### Input data:
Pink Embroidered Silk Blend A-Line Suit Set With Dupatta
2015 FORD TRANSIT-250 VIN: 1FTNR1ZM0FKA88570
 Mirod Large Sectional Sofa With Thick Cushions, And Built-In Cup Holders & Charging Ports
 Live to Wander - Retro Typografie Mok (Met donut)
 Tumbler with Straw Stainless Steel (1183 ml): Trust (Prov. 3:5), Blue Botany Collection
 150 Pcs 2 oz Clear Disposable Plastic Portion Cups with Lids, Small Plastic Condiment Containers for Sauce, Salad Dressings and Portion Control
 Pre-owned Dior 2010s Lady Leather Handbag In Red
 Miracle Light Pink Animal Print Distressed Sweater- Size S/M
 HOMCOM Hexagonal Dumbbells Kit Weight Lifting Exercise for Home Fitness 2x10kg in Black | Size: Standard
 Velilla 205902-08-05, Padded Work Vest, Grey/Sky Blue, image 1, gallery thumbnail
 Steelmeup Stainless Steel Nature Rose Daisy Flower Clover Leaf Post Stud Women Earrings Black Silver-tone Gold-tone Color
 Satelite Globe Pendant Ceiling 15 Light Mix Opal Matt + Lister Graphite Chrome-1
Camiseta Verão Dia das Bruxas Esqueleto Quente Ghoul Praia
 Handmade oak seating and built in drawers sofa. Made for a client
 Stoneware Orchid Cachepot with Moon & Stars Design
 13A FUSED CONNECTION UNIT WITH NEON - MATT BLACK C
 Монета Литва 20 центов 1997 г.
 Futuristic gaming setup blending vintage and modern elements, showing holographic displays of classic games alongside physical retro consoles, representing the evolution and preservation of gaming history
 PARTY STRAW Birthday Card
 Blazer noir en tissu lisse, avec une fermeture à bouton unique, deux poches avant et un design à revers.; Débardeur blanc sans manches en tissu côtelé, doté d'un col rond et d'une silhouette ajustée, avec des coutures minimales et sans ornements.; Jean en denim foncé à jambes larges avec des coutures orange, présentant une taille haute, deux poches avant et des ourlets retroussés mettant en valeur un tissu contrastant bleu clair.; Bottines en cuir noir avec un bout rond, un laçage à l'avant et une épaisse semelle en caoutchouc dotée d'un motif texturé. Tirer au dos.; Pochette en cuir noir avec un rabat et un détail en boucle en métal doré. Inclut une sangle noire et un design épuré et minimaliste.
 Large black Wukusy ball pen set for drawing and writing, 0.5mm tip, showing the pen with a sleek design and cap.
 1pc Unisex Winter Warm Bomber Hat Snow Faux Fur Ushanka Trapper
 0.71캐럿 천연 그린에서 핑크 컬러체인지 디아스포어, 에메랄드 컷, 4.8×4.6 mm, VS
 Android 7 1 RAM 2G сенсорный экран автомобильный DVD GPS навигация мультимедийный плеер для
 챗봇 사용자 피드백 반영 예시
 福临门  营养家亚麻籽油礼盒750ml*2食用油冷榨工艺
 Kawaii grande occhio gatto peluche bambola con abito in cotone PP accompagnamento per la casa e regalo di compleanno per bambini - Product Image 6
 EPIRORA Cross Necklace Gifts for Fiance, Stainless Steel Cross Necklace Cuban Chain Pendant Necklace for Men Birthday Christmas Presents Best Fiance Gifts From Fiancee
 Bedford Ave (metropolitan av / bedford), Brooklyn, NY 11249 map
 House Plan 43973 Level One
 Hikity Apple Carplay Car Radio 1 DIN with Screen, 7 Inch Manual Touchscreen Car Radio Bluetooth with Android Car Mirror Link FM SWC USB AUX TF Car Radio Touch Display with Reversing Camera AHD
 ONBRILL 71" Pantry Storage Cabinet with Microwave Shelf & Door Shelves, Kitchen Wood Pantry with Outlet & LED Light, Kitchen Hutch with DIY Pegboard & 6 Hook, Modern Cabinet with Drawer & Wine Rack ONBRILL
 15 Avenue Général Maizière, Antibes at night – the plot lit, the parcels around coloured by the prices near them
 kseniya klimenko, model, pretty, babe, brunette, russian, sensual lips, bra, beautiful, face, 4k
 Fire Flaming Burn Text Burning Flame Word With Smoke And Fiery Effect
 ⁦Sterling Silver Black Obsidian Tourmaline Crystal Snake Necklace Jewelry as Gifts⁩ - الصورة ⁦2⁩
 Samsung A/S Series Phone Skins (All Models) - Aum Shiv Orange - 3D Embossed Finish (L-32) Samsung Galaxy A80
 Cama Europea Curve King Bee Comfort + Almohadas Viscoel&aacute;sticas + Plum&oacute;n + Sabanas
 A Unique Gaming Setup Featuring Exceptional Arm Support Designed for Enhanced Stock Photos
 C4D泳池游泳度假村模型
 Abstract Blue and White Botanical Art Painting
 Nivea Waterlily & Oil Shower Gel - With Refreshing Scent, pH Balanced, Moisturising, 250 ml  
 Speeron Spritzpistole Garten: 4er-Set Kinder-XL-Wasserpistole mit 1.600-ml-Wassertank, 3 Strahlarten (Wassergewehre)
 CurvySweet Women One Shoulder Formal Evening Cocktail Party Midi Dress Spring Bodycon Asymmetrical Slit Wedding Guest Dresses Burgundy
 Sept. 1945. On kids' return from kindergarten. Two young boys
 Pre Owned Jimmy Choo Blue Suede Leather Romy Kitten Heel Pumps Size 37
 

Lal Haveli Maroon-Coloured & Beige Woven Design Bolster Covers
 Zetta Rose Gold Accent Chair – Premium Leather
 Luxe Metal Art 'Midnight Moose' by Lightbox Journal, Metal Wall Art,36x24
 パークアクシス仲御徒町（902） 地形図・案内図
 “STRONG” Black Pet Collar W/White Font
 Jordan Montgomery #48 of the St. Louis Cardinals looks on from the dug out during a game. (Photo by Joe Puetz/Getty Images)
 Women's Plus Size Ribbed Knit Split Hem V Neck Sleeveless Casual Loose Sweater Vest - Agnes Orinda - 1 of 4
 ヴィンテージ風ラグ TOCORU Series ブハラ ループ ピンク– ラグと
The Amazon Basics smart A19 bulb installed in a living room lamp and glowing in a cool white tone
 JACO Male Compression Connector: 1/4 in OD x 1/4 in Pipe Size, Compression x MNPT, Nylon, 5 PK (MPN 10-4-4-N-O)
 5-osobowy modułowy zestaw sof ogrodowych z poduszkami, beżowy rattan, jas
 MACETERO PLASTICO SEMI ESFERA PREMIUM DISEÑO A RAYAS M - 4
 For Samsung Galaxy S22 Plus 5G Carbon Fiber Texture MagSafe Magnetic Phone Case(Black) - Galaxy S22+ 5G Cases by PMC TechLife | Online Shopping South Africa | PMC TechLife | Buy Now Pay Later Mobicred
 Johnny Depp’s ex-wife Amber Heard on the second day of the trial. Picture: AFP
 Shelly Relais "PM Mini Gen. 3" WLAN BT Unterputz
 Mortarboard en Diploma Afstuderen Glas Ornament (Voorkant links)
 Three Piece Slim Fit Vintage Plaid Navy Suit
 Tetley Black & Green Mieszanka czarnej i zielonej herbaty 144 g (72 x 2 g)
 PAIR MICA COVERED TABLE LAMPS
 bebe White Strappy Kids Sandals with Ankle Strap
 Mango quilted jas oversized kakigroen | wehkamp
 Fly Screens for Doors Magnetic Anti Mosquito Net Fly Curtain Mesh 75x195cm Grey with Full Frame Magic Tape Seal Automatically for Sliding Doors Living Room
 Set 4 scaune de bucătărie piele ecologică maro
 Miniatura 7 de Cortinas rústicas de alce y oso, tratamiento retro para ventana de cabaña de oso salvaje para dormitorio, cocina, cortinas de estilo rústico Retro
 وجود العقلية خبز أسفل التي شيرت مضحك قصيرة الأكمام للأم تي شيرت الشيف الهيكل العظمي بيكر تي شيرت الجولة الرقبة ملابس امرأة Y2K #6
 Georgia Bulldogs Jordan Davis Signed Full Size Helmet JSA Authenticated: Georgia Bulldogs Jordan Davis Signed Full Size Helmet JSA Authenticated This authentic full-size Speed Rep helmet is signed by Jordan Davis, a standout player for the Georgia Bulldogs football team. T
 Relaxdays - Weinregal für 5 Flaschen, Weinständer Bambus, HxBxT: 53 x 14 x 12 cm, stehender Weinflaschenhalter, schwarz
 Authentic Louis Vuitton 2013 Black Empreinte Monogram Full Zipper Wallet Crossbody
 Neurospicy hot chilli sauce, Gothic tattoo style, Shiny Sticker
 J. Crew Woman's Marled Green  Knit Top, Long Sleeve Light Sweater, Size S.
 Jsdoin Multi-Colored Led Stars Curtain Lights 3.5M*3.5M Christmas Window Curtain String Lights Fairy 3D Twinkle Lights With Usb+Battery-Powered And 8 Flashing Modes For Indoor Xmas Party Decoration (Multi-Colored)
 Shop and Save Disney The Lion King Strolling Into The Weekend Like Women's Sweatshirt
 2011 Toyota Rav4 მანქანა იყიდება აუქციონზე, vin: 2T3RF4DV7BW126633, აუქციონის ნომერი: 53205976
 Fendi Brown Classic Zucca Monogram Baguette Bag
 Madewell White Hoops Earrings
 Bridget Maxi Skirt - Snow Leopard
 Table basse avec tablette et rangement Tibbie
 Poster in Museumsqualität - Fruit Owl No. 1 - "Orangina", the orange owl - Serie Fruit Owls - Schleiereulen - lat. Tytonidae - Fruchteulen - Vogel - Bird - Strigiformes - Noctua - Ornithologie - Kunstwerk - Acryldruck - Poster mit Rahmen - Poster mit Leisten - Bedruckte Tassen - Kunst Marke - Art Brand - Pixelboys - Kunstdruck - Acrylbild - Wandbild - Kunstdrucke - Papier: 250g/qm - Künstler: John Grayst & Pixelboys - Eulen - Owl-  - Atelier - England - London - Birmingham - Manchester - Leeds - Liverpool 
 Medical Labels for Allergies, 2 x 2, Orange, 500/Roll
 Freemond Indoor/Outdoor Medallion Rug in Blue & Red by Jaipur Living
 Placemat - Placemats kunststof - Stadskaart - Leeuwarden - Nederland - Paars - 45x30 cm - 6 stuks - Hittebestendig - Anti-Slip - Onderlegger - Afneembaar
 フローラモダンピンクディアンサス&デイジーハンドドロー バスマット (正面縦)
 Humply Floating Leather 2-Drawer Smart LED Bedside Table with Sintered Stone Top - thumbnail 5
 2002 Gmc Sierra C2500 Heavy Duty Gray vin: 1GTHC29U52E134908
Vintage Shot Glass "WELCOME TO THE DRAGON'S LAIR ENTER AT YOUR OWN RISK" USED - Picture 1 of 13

### Work required:
Search the data above for the string "Birthday" and report each line that holds it.

### Result for this exercise:
 PARTY STRAW Birthday Card
 EPIRORA Cross Necklace Gifts for Fiance, Stainless Steel Cross Necklace Cuban Chain Pendant Necklace for Men Birthday Christmas Presents Best Fiance Gifts From Fiancee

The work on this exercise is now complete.